Pursuant to 11 U.S.C. § 523, a creditor may object to the dischargeability of its particular debt if the debtor obtained money, property, services or an extension or renewal of credit by false pretenses. An example of a possible dischargeability action is if money is lent to a debtor, who provided a false financial statement or tax return as an inducement for the loan to be made by the creditor. The particulars of 11 U.S.C. § 523 are in depth and beyond the scope of this discussion. However, the important point to remember is that immediate attention must be given when someone who owes you money files for bankruptcy. That may involve consultation with an attorney early on in the process, to ensure a valid complaint objecting to dischargeability of debt can be filed before any deadlines expire.

Objections to Confirmation

In a Chapter 11 and 13, the debtor proposes a plan that needs to be confirmed by the bankruptcy court. There may be certain reasons why a creditor does not agree with the plan and wants to stop it from being confirmed. For example, if the creditor is not being paid in full (or at all), or is not being treated equally with similarly situated creditors, the creditor may need to file an objection to the debtor’s plan.

Dismissal of Bankruptcy for Bad Faith Filing

There is rampant abuse of the bankruptcy system and a debtor may file for bankruptcy numerous occasions, simply to thwart the collection efforts of an active/aggressive creditor. This type of behavior must be brought to the bankruptcy court’s attention. Additionally, there are other reasons the filing may be considered bad faith, and it is important to explore these grounds for dismissal at the onset of a bankruptcy.

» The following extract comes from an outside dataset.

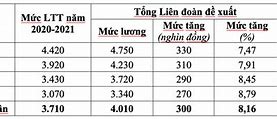 Xklđ Canada 2022 Lương Tháng Bao Nhiêu 1 Tháng Tăng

2004 Examination of Judgment Debtor

Within a bankruptcy case, a creditor is entitled to take the deposition of the debtor. The process is similar to depositions in a traditional state court post-judgment sense, but Rule 2004 of the Bankruptcy Rules of Procedure offers tremendous latitude for the creditor. Creditors are allowed to examine the debtor concerning many facets of the debtor’s finances. This can be useful to determine if fraudulent transfers occurred between the debtor and third parties prior to the debtor filing bankruptcy.

Adversary Proceedings and Contested Matters

Adversary proceedings are often brought by the trustee in a chapter 7 bankruptcy (or a debtor in possession in a chapter 11) but can also be brought by aggrieved creditors. Fraudulent transfers by a debtor shortly before filing bankruptcy would be an impetus for a trustee filing an adversary proceeding against third party transferees of the debtor. Procedurally, objections to discharge and/or dischargeability are also brought through the opening of an adversary proceeding and filing of a complaint. Contested matters, although similar to adversary proceedings, do not require the filing of a separate lawsuit, but rather are litigated in the underlying bankruptcy case. An example of a contested matter is a debtor or trustee’s objection to the proof of claim filed by a creditor. Different bankruptcy courts throughout the country have varying local rules on the procedures governing contested matters, but the bankruptcy code and bankruptcy rules of procedure set forth the framework governing contested matters.

Bankruptcy Appeals

Bankruptcy appeals are more complicated than traditional appeals. This is because jurisdictionally, there can be multiple levels of appellate courts, including an appeal to a bankruptcy appellate panel or local district court, prior to appealing to the circuit court of appeals. In the Eleventh Circuit Court of Appeals (which Florida falls under) bankruptcy appellate panels do not exist, and an appeal from the bankruptcy court often goes to the local federal district court. The exception would be if the appeal goes directly to the circuit court of appeals, but this requires the consent of the parties.